- Your instructions
Below are some records. Return exactly the lines from the one with "You've come to seek" to the one with "Hi, welcome to", and nothing else.

- Input for this task
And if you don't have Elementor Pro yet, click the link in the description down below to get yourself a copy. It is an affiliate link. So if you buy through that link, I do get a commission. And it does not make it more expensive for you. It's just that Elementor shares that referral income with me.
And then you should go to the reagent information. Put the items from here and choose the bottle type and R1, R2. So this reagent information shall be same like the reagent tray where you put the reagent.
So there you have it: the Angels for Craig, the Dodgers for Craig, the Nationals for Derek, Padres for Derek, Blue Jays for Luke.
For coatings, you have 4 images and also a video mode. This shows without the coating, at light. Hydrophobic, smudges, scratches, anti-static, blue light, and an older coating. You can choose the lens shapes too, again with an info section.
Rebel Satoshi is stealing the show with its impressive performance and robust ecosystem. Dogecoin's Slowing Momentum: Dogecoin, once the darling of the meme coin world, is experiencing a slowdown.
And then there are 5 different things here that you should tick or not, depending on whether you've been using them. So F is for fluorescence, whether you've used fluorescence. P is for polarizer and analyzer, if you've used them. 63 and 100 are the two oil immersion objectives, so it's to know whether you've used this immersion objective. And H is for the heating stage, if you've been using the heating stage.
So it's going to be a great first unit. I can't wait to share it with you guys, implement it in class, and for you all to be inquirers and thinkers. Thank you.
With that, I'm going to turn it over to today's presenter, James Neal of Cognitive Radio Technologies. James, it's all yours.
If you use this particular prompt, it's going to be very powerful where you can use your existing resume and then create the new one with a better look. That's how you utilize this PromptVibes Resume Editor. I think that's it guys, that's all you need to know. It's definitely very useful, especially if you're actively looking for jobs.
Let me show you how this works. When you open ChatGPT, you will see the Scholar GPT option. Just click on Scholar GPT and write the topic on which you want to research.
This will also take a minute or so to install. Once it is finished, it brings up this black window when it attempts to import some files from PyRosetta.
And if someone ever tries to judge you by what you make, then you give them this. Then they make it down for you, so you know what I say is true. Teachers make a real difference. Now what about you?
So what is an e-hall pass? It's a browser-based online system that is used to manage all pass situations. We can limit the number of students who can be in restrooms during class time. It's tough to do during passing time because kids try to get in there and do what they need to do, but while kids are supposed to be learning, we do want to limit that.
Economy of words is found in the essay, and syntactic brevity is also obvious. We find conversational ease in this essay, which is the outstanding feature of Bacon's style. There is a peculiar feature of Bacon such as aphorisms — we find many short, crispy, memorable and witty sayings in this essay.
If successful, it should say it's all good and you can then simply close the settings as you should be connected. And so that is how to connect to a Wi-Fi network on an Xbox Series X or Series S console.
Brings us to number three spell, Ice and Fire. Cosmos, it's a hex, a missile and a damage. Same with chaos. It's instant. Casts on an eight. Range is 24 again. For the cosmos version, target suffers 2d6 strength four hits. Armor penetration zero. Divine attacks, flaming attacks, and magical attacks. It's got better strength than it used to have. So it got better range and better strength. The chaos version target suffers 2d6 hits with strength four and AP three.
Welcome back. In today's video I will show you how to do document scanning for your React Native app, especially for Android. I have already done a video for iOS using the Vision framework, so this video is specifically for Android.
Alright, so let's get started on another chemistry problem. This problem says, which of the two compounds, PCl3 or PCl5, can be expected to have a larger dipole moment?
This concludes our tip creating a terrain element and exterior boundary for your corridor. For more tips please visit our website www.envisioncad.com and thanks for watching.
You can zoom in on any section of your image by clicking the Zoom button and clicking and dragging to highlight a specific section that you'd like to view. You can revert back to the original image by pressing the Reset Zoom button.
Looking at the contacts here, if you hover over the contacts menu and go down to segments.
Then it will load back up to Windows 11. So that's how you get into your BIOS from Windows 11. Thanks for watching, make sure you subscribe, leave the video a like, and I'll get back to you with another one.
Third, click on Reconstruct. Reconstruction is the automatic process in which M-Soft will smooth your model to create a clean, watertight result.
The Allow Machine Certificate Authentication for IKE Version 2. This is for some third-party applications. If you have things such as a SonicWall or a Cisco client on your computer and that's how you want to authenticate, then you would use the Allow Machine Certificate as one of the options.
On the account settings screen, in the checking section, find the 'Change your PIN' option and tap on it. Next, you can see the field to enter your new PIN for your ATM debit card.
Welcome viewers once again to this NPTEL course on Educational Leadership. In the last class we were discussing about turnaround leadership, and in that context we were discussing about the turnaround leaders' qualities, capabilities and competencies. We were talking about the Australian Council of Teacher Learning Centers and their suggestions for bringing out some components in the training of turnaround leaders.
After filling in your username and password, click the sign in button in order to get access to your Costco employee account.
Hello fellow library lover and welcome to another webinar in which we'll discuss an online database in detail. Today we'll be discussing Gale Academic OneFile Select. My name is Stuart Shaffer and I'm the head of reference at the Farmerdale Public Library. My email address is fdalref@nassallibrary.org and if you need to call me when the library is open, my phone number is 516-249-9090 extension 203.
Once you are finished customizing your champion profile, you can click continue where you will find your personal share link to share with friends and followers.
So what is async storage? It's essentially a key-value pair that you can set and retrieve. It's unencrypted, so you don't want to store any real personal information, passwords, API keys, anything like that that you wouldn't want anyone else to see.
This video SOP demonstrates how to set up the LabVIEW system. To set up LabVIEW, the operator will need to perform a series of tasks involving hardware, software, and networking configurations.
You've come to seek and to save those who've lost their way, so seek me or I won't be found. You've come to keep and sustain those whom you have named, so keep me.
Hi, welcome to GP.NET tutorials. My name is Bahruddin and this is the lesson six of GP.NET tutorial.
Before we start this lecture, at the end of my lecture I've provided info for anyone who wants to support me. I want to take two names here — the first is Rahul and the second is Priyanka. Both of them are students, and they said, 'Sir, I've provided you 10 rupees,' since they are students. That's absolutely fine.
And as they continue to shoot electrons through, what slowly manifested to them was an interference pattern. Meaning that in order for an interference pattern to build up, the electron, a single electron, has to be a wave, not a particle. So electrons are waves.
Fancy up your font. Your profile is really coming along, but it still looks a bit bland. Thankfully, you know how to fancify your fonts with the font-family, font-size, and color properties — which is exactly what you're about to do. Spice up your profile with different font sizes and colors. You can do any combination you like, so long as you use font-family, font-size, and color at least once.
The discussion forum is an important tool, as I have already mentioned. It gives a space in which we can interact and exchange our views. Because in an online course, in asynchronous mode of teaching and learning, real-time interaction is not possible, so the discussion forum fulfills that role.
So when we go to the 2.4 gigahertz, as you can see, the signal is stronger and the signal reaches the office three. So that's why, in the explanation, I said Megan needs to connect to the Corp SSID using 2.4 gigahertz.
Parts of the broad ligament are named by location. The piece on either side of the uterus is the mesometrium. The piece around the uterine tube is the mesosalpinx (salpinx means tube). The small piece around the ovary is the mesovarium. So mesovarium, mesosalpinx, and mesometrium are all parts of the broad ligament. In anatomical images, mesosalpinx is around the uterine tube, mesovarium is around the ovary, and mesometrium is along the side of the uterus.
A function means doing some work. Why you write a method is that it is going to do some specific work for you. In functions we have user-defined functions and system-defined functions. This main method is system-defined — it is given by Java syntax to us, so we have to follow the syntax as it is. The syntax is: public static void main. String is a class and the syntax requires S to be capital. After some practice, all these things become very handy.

- Completed exercise
You've come to seek and to save those who've lost their way, so seek me or I won't be found. You've come to keep and sustain those whom you have named, so keep me.
Hi, welcome to GP.NET tutorials. My name is Bahruddin and this is the lesson six of GP.NET tutorial.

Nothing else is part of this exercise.